Или топорик… У нас был подходящий для кемпинга. Я столкнула книгу с гриля и принялась рубить ее заточенным лезвием. Книга выдержала и это. Осталась едва заметная вмятина, ни царапины, ни полоски грязи, ни обгоревшей бумаги. Я никогда в жизни не сталкивалась с объектом, который до такой степени сопротивлялся бы законам природы. Поэтому я начала ругаться, костеря ее на чем свет стоит, пользуясь всеми ругательствами, которые знала или могла изобрести. Затем я взяла лопату и вырыла яму в той части двора, которая находилась за огромным поваленным деревом. Я провела остаток утра, роя, покуда хватило сил, положила в яму книгу и накидала поверх нее выкопанную землю. Конечно, когда вы роете яму, всегда остается разрыхленная почва. Я разбросала эту лишнюю землю по двору так аккуратно, как только смогла, а затем рухнула на диван с несколькими книгами Марка Данилевского. В чтении его книг был какой-то атлетизм, который мог отвлечь меня от того, что произошло. Я включила настольную лампу, позвонила Джеки, чтобы поболтать с ней о случившемся за день, и запланировала разморозить суп из бычьих хвостов. Я выполнила подъемы ног и приседания между эпизодами чтения текстов Данилевского в качестве тренировки. Хотя на самом деле я бы не назвала себя сильной. Сколько бы я ни качала пресс, у меня все равно слегка утолщенная талия женщины средних лет.
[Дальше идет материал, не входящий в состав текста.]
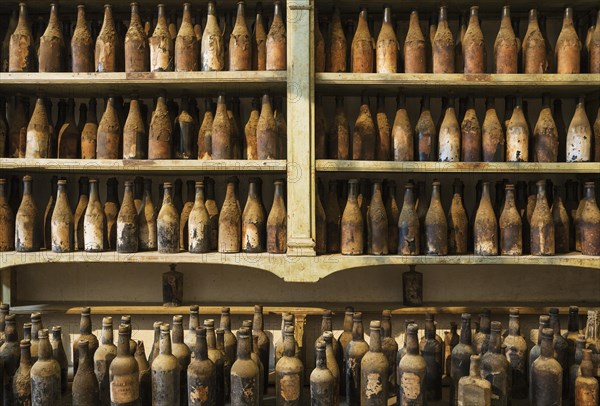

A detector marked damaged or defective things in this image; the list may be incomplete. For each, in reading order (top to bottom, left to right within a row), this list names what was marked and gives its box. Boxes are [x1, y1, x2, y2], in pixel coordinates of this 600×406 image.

rusty colored bottle [8, 3, 34, 72]
rusty colored bottle [38, 3, 63, 72]
rusty colored bottle [71, 5, 93, 72]
rusty colored bottle [95, 4, 118, 72]
rusty colored bottle [125, 2, 149, 73]
rusty colored bottle [149, 4, 173, 72]
rusty colored bottle [175, 3, 200, 72]
rusty colored bottle [266, 0, 288, 71]
rusty colored bottle [328, 7, 346, 72]
rusty colored bottle [350, 8, 372, 73]
rusty colored bottle [378, 7, 400, 73]
rusty colored bottle [434, 6, 452, 73]
rusty colored bottle [462, 6, 486, 73]
rusty colored bottle [524, 9, 548, 73]
rusty colored bottle [556, 7, 580, 74]
rusty colored bottle [25, 98, 51, 159]
rusty colored bottle [96, 98, 121, 160]
rusty colored bottle [149, 97, 173, 160]
rusty colored bottle [390, 94, 412, 161]
rusty colored bottle [418, 97, 436, 162]
rusty colored bottle [438, 98, 462, 162]
rusty colored bottle [506, 96, 528, 162]
rusty colored bottle [536, 94, 556, 163]
rusty colored bottle [568, 96, 592, 162]
rusty colored bottle [15, 176, 38, 252]
rusty colored bottle [50, 179, 73, 252]
rusty colored bottle [156, 182, 179, 252]
rusty colored bottle [340, 180, 364, 254]
rusty colored bottle [424, 180, 448, 254]
rusty colored bottle [448, 180, 466, 255]
rusty colored bottle [474, 182, 496, 255]
rusty colored bottle [532, 180, 556, 255]
rusty colored bottle [580, 181, 600, 254]
rusty colored bottle [29, 330, 59, 406]
rusty colored bottle [73, 340, 100, 404]
rusty colored bottle [109, 324, 139, 406]
rusty colored bottle [188, 326, 218, 406]
rusty colored bottle [450, 314, 474, 402]
rusty colored bottle [480, 322, 508, 404]
rusty colored bottle [528, 326, 564, 406]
Это приводит в бешенство. Может, все дело в пиве.
102 года
Мое любимое дерево росло больше века, а теперь повалено прямо рядом с домом, как будто нарочно промахнувшись мимо него. Его обширная крона из замысловатых голых ветвей застилала окна. Я погладила покрытую лишайником рифленую кору. Было очень странно, что дерево упало, не обремененное тяжестью листьев, когда земля если и не замерзла, то была, по крайней мере, тверже, чем во время летних ливней. Да, я определенно винила книгу. Основание дерева, открывшееся на бульваре, представляло собой одновременно и завораживающее и печальное зрелище. Из-за того, что корни обломились и лопнули под землей, корневая система казалась сильно разреженной, но, когда Поллукс вернулся домой, он заверил меня, что корневая система была под стать кроне. Корни уходили под улицу, прятались под дерном, проникали во двор и, возможно, окружали весь дом.
– Как вверху, так и внизу, – пробормотала я.